There’s a conversation that happens on every team running Kubernetes. Someone deploys a service. It works. A week later, pods start getting OOMKilled. Someone doubles the memory limit. The kills stop. Nobody investigates why. The limit stays doubled forever. The cluster gets a little more expensive. Multiply this by fifty services and three years and you’ve got a cluster where the resource configuration is a geological record of past panics rather than a description of actual needs.

Resource requests and limits are two different promises, and most people treat them as one.

Requests are what the scheduler uses to place your pod. “I need at least this much CPU and memory to function.” Limits are the ceiling — what the kubelet enforces as the maximum. When you set requests equal to limits (the so-called Guaranteed QoS class), you’re saying “I need exactly this much, always.” For most workloads, that’s a lie. Your web server doesn’t use 512Mi of memory during idle hours the same way it does during peak traffic. You’ve just reserved 512Mi permanently on that node whether you’re using it or not.

When you set requests much lower than limits (Burstable QoS), you’re saying “I usually need this much but sometimes I need more.” This is honest for most services. But it introduces a failure mode people don’t think about: CPU throttling.

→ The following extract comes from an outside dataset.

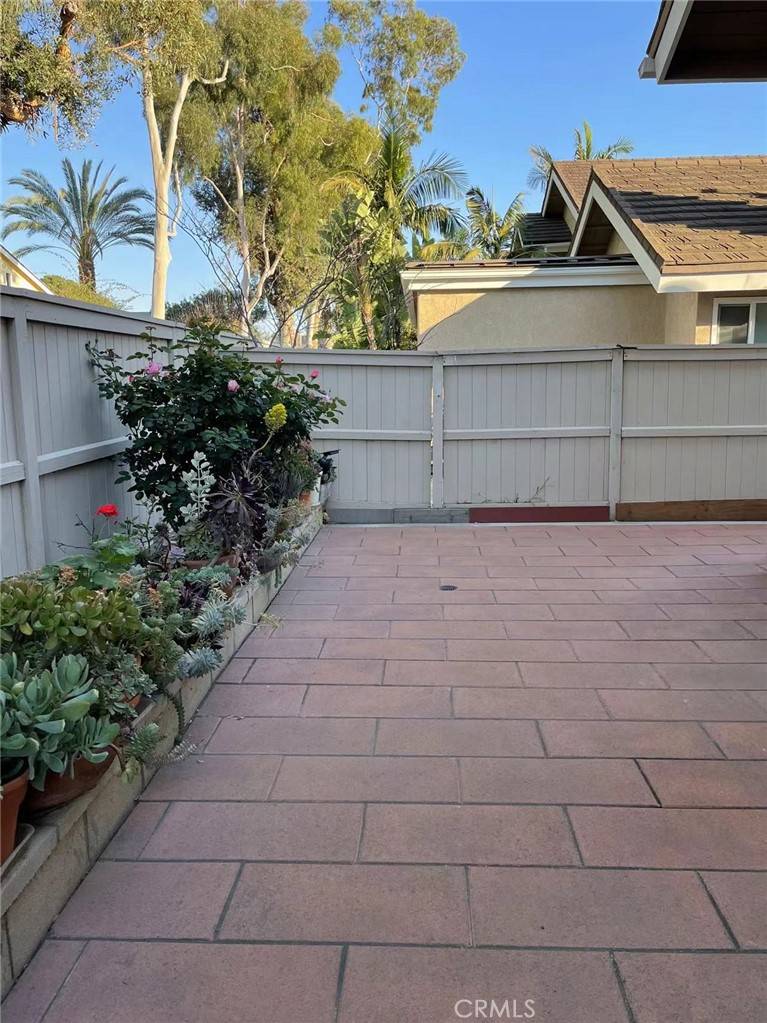Irvine, CA 92604,13 Northgrove #13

Here’s the thing about CPU limits that catches everyone. Memory limits are hard boundaries — exceed them and the OOM killer terminates your process. Clear cause, clear effect, easy to spot in metrics. CPU limits are different. When your container hits its CPU limit, it doesn’t crash. It just… slows down. The kernel’s CFS bandwidth control throttles your process, stretching what should take 10ms into 50ms. Your latency spikes. Your health checks start timing out. Maybe your readiness probe fails and Kubernetes pulls you from the Service. Now you’ve got cascading failures because of a throttle, not a crash, and your monitoring shows “pod restarted” without telling you it was because a 100ms health check took 400ms because CFS throttling turned your 200m CPU limit into a straitjacket during a traffic spike.

A growing number of teams are dropping CPU limits entirely. They set CPU requests (so the scheduler knows where to place pods) but remove the limit, letting pods burst to whatever the node has available. The reasoning: CPU is a compressible resource. If a node runs out of CPU, processes slow down but don’t die. Memory is incompressible — if it runs out, something must be killed. So limit memory (hard boundary, real consequences), but let CPU float (soft resource, graceful degradation).

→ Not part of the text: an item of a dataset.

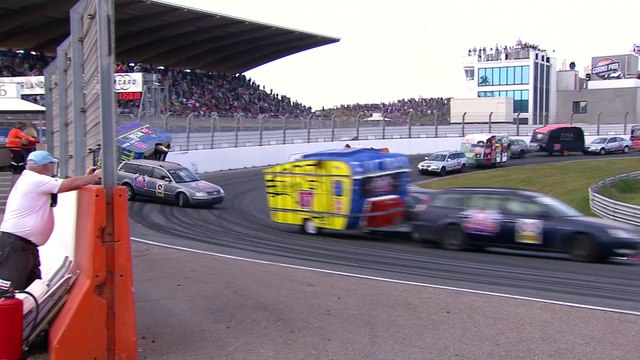 VÍDEO: Carrera de caravanas de Red Bull en Zandvoort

This is controversial and I have opinions about it.

If you run a multi-tenant cluster — multiple teams, multiple namespaces, no trust boundary between them — removing CPU limits is asking for trouble. One runaway pod can starve everything else on the node. But if you’re running services you control, on nodes you manage, with reasonable CPU requests that reflect actual baseline usage? Dropping CPU limits and watching your P99 latency improve is one of those changes that makes you wonder why you ever set them in the first place.

The real problem isn’t the limits. It’s that nobody revisits them.

Josh has a pattern I like: he measures before he configures. His CKA prep work includes resource quota exercises, but the important part isn’t knowing the syntax — it’s building the habit of looking at actual usage before setting values. The Vertical Pod Autoscaler (VPA) exists precisely for this. Run it in recommendation mode, let it observe your workloads for a week, and look at what it suggests. You’ll find that most of your services are either drastically over-provisioned (wasting money) or slightly under-provisioned in memory (explaining those occasional OOMKills you’ve been ignoring).

Here’s my rule of thumb: set memory requests to the P95 of observed usage plus 20% headroom. Set memory limits to 1.5x the request. Set CPU requests to the P90 of observed usage. Consider whether you actually need CPU limits at all. And then — this is the part everyone skips — revisit these numbers quarterly. Your service six months from now is not the same service it was when you set these values. Dependencies change. Traffic patterns shift. That caching layer you added reduced memory usage by 40% but you’re still requesting the old amount.

Resource configuration isn’t a deploy-time decision. It’s an operational practice. Treat it like one.